Inspired by all the great answers to the similar question about Power Grid, I'd love to hear some suggestions for Brass. I picked it up a little over a month ago, and we've only gotten it onto the table once. We pretty much struggled through it (ultimately, only finishing the Canal phase). I now feel like we have a basic grasp of the game mechanics, but basically no clue about strategy.

I know the rules have a whole page devoted to this, but I like bullet points! ;)

  • A fantastic game. Definitely in my top 10!
    – Codemwnci
    Oct 28, 2010 at 18:19
  • Good luck with having got the rules right with one play, keep revisiting them, they're not written well, and are a little bit complicated. Oct 29, 2010 at 8:36
  • @Lance I agree. The rules are hard to follow, somewhat difficult to decipher. I think it would be greatly received if someone re-wrote the rules to make a little more sense.
    – Codemwnci
    Oct 29, 2010 at 18:26

4 Answers 4


Loans in Brass can be key to a successful game.

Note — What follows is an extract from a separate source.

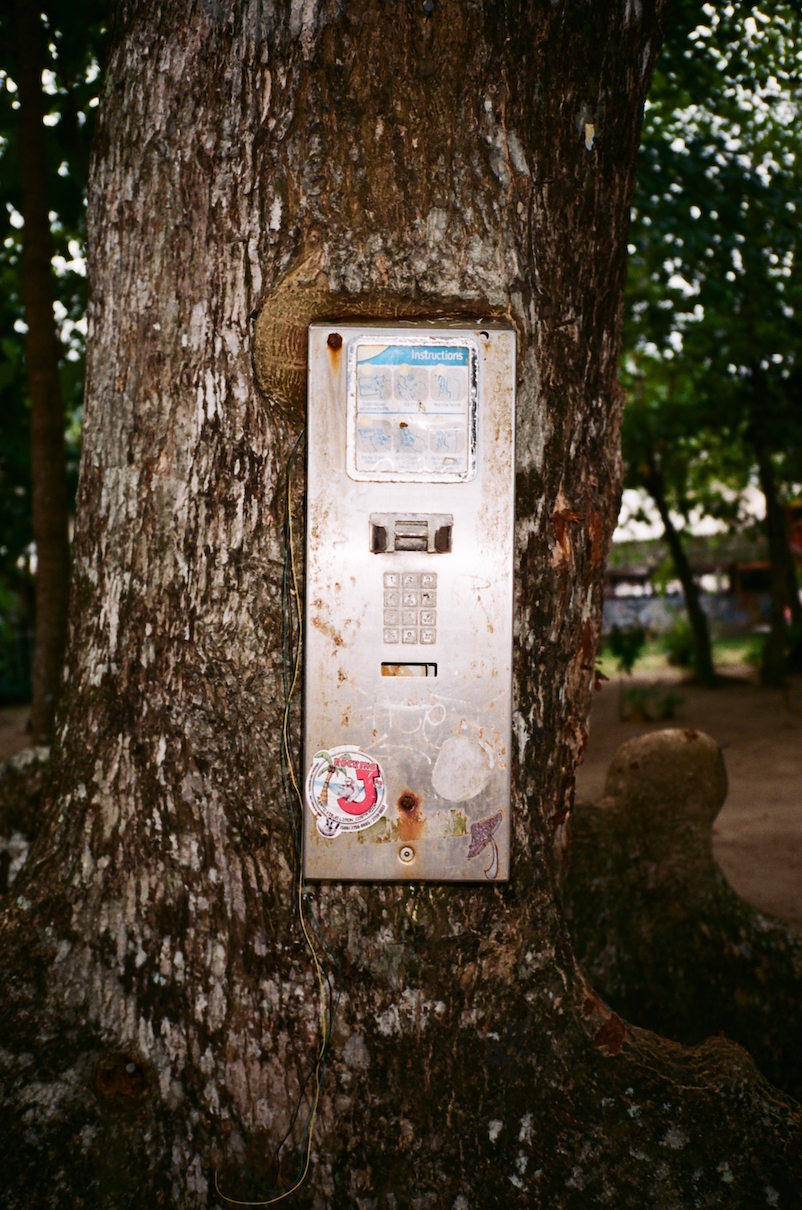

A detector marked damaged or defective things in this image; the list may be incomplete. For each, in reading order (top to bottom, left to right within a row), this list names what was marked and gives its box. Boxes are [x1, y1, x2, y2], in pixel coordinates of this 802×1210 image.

rusty metal panel [300, 320, 512, 884]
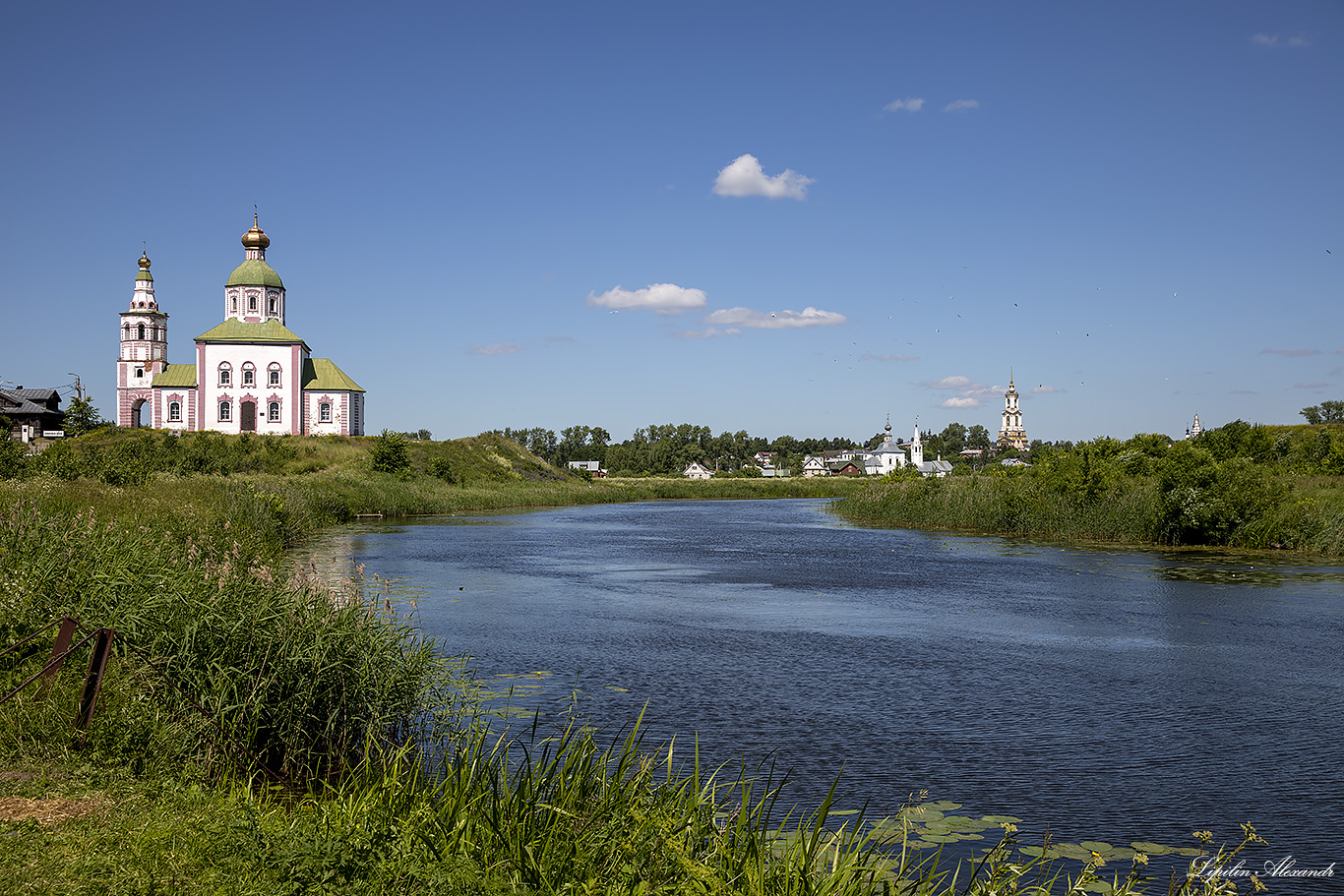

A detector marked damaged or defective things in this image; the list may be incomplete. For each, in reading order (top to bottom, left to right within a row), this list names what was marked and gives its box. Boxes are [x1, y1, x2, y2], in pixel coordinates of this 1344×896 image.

Loans at the very beginning are very cheap to repay, where as loans later in the game can be very expensive. If you are likely to need a loan at any point during the game (which you almost certainly will), I would advise you to take the loan early.

Some other pieces of advice I would offer.

  • Try to get some level 2 buildings in place before the end of the canal phase. It will make your position stronger. Choose the buildings that offer the most strategic positioning as the ones to upgrade, if you can.
  • If you opponents are fighting it out for the Shipyard pieces, try to concentrate on the cotton route. The level 4 cotton buildings give victory points of 12 each when flipped. Two of these give you a better return (for far less manoeuvring) than a single ship.
  • If the iron or coal demand track has a few spaces empty, consider building immediately, to repopulate the demand track. You will potentially get the tile flipped immediately, and make some money for your troubles.
  • Don't discount the idea of using two cards to place any industry on any city. Some will see this as a waste of a turn, but it can give you a tactical edge when there are few other options available.
  • Thanks @Codemwnci. I'm probably going to have to read the instructions again just to understand your third bullet point. :)
    – livingtech
    Nov 16, 2010 at 19:56
  • That specific rule for point. When you build an iron or coal building. You need to add a certain number of cubes to the tile. However, if the coal/iron demand track has spaces empty, you place the cubes on the demand track first. This makes it quicker for the tile to flip, and you get money from selling to the demand track (the amount indicated on the track). This can be very lucrative when the demand track is empty.
    – Codemwnci
    Nov 16, 2010 at 20:53

I posted 25+ bullets on Brass strategy here. The Cliff's Notes:

  • Build only 1-2 level-1 industries. Develop early and often. Do not build the L1 Shipyard or L1 Port, period.
  • Build as few canal links as possible
  • Location cards are more important than Industry cards in the Canal Phase; the opposite is true in the Rail Phase
  • If stuck at end of Canal Phase, build Coal Mines and take loans, the Coal mines will flip at the start of the Rail Phase, taking you out of the hole.
  • Build Rail Links early and often for maximum points and to expand your personal network.
  • Avoid building Coal Mines during the Rail Phase
  • Seal the Shipyards if in position
  • Overbuild your nearest rival's Iron Works
  • Be careful if you don't sell Cotton immediately after building; ensure the others can't empty out the Distant Market + Ports before your next turn
  • Try to hang out in Seat 4 most of the time (if you're spending the most money, you're probably getting the most points), then string together 4 consecutive actions before a key rival can take another turn at a crucial juncture.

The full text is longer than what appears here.